I am stuck on this question:
Consider the delay-differential equation $\frac{d}{ dt}x(t) = x(t − 1)$, with $x(t) = 1$ for $t \in [−1, 0]$. The solution is given by $x(t) = \sum^{n}_{0}{\frac{[t − (k − 1)]^k}{k!}}$ for $n − 1 \leq t \leq n$, where $n$ is a non-negative integer. Use proof by induction (i.e., method of steps) to find the solution
I have tried to use the sum of a geometric series on the series and then differentiating this and setting it equals to $x(t-1)$ also in the geometric series however when i tried to the basis case $k=1$ I ended up with $\frac{1-t^n}{t-1}=\frac{1+t^2(t-1)^n-nt^3(t-1)^{n-1}}{t^2}$ which I am unable to prove is true, can anyone see where I have gone wrong or suggest a better method of approach this?
-edited so that n is the upper limit
Here is how you might formulate the answer: Let $x_n(t) = \sum_{k=0}^n \frac{(t-(k-1))^k}{k!}$. Then $x(t) = x_n(t)$ where $n - 1 < t \leq n$. Just to be explicit, $$ x(t) = \begin{cases} 1 & \text{if $0 < x \leq 1$} \\ 1+t & \text{if $1 < x \leq 2$} \\ 1+t+\frac{1}{2}(t-1)^2 & \text{if $2 < x \leq 3$} \\ 1+t+\frac{1}{2}(t-1)^2 + \frac{1}{6}(t-2)^3 & \text{if $3 < x \leq 4$} \\ \dots & \dots \end{cases} $$
You need to show $x'(t) = x(t-1)$ for all $t \geq 0$. On the interval $n-1 < t \leq n$, we have $x(t) = x_n(t)$ and $x(t-1) = x_{n-1}(t-1)$. So it suffices to show that $x_n'(t) = x_{n-1}(t-1)$ for each $n$.

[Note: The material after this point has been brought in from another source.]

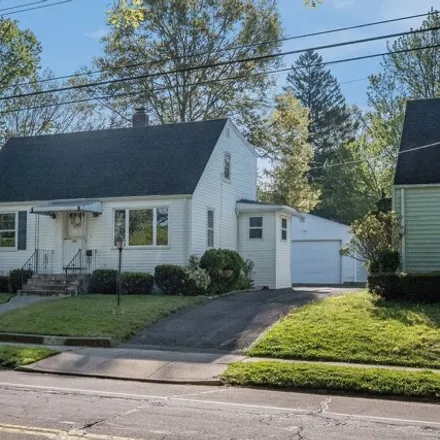 Buy this 3 bed house on 163 Woodward Avenue in Raynham, New Haven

For this, I'm not even sure you need induction. For \begin{align*} x_n'(t) &= \sum_{k=1}^n \frac{k(t-(k-1))^{k-1}}{k!} = \sum_{k=1}^n \frac{(t-(k-1))^{k-1}}{(k-1)!} = \sum_{k=0}^{n-1} \frac{(t-k)^{k}}{k!} \\ x_{n-1}(t-1) &= \sum_{k=0}^{n-1} \frac{((t-1)-(k-1))^{k}}{k!} = \sum_{k=0}^{n-1} \frac{(t-k)^{k}}{k!} \end{align*}